*** Block opens ***
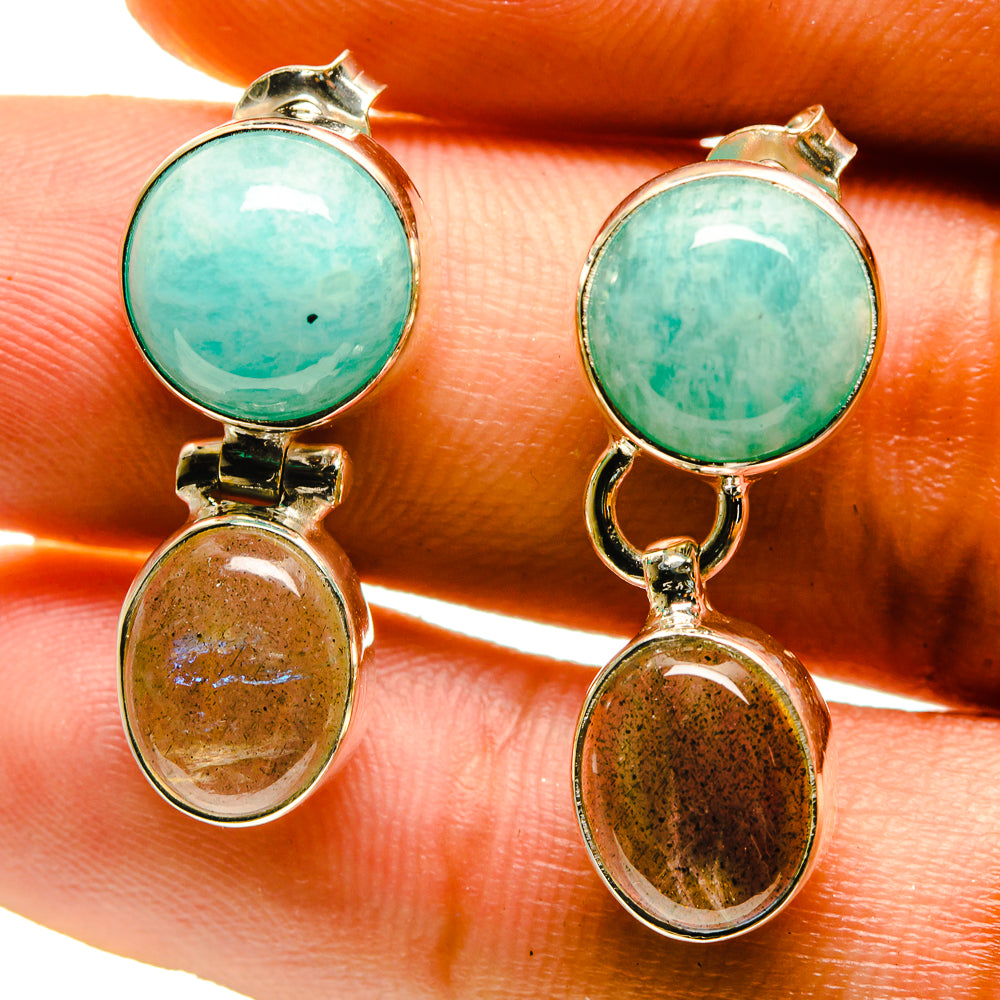 Peruvian Amazonite, Labradorite Earrings handcrafted by Ana Silver Co - EARR416820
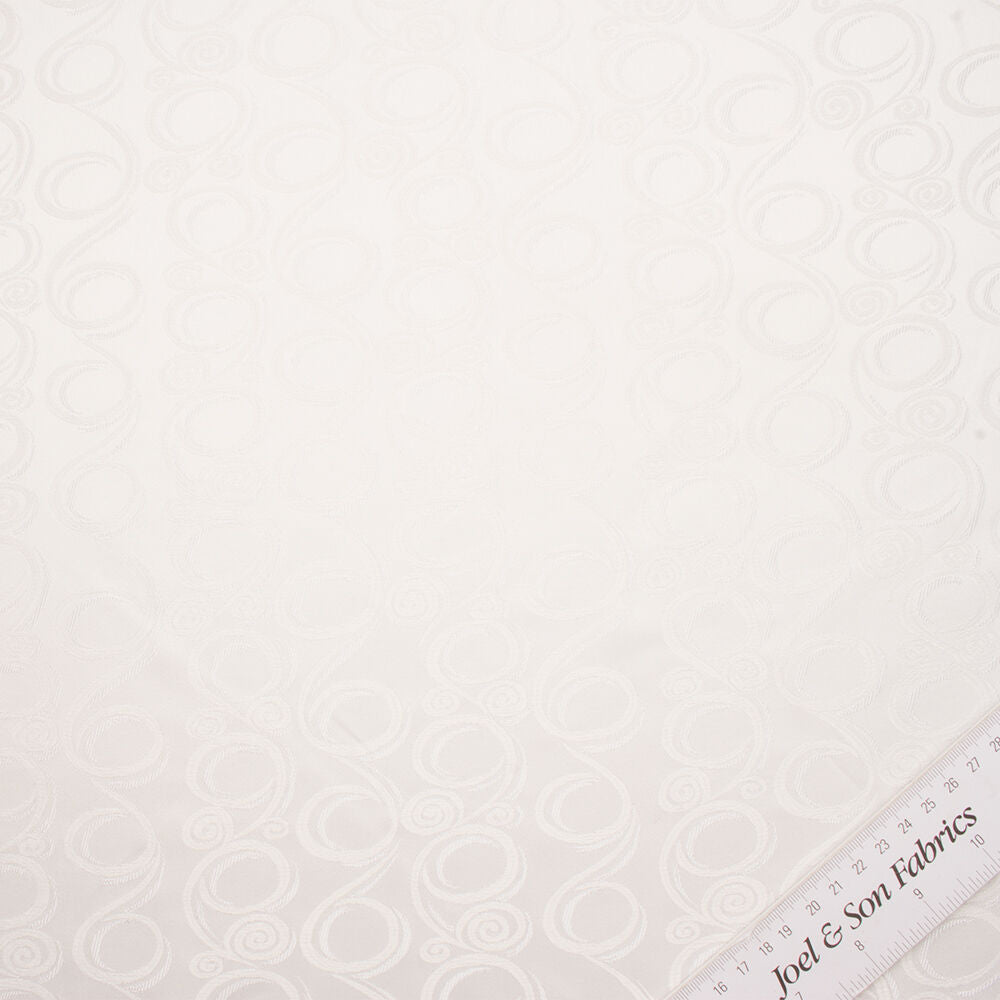 Optic White Jacquard Brocade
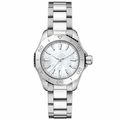 Silver metal watch with white pearlescent dial on white background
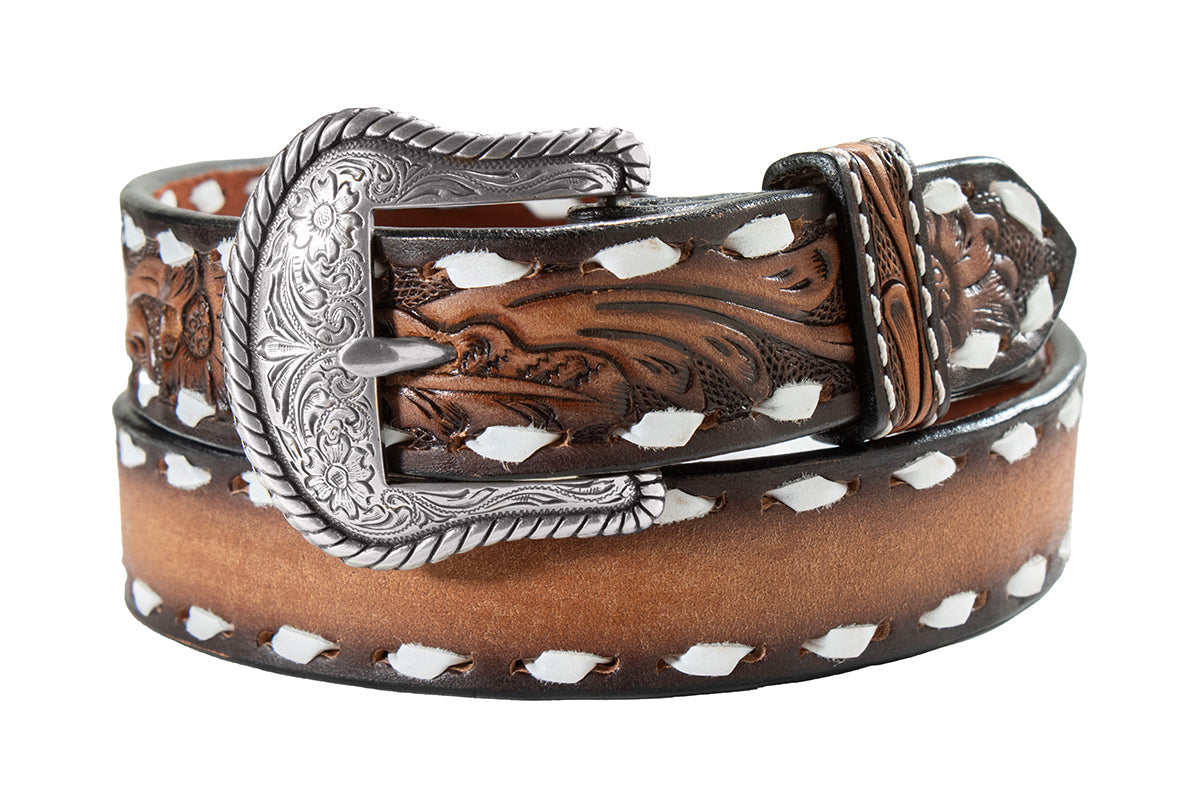 3D® Boy's Brown Tooled Leather Blank Name Belt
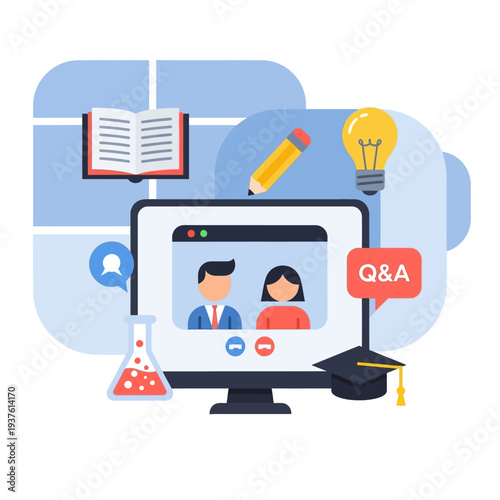 Online education on computer screen display.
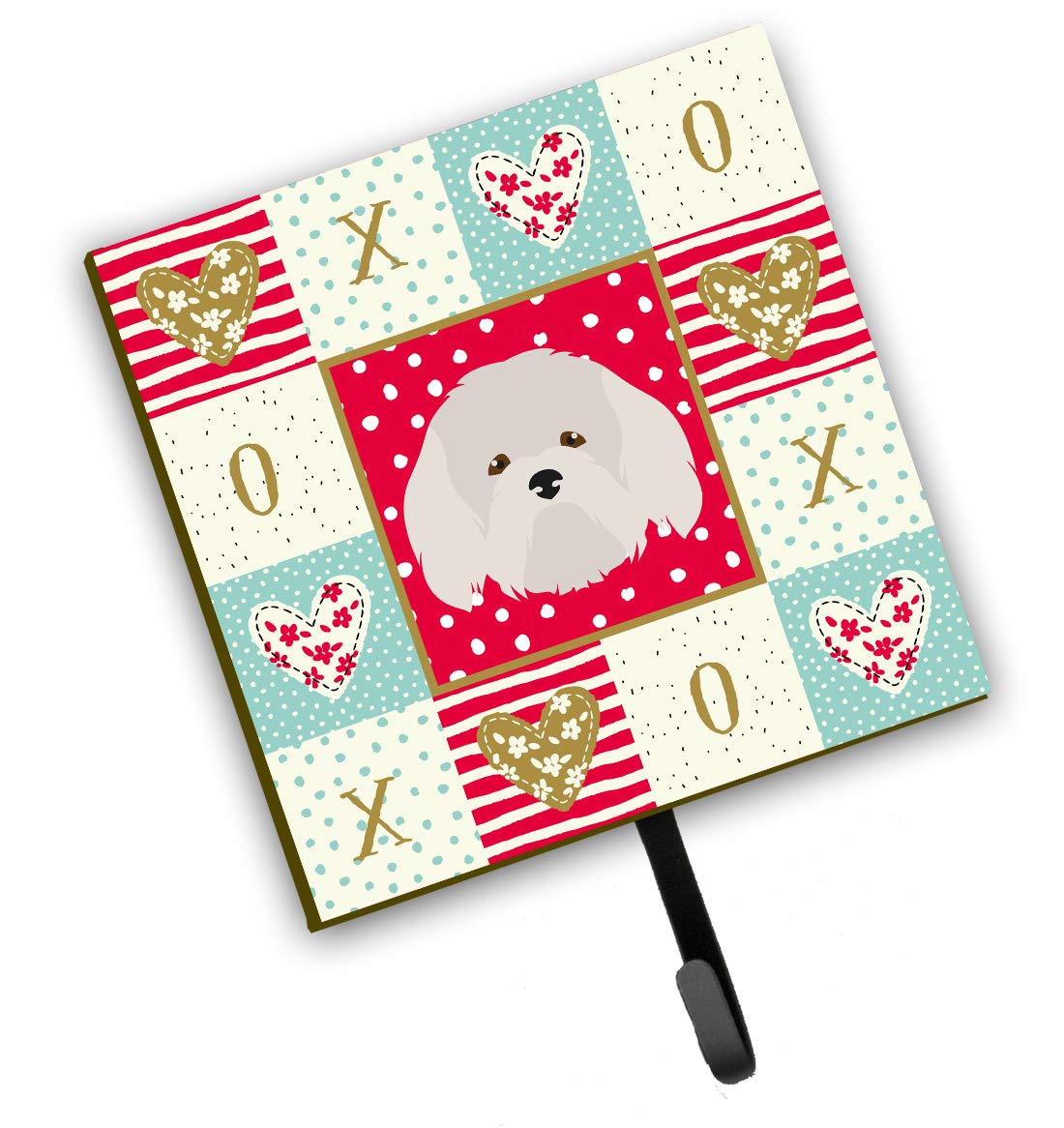 Caroline's Treasures Coton de Tulear Love Leash & Key Holder Hooks - Colorful Dog-Themed Wall Decor for Home, Office, or Gift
*** Block closes ***
What you are asked to do:
Only the lines from the one containing "Online education on computer screen display." through the final line of the records should be transcribed, exactly and with no pictures.

Task response:
 Online education on computer screen display.
 Caroline's Treasures Coton de Tulear Love Leash & Key Holder Hooks - Colorful Dog-Themed Wall Decor for Home, Office, or Gift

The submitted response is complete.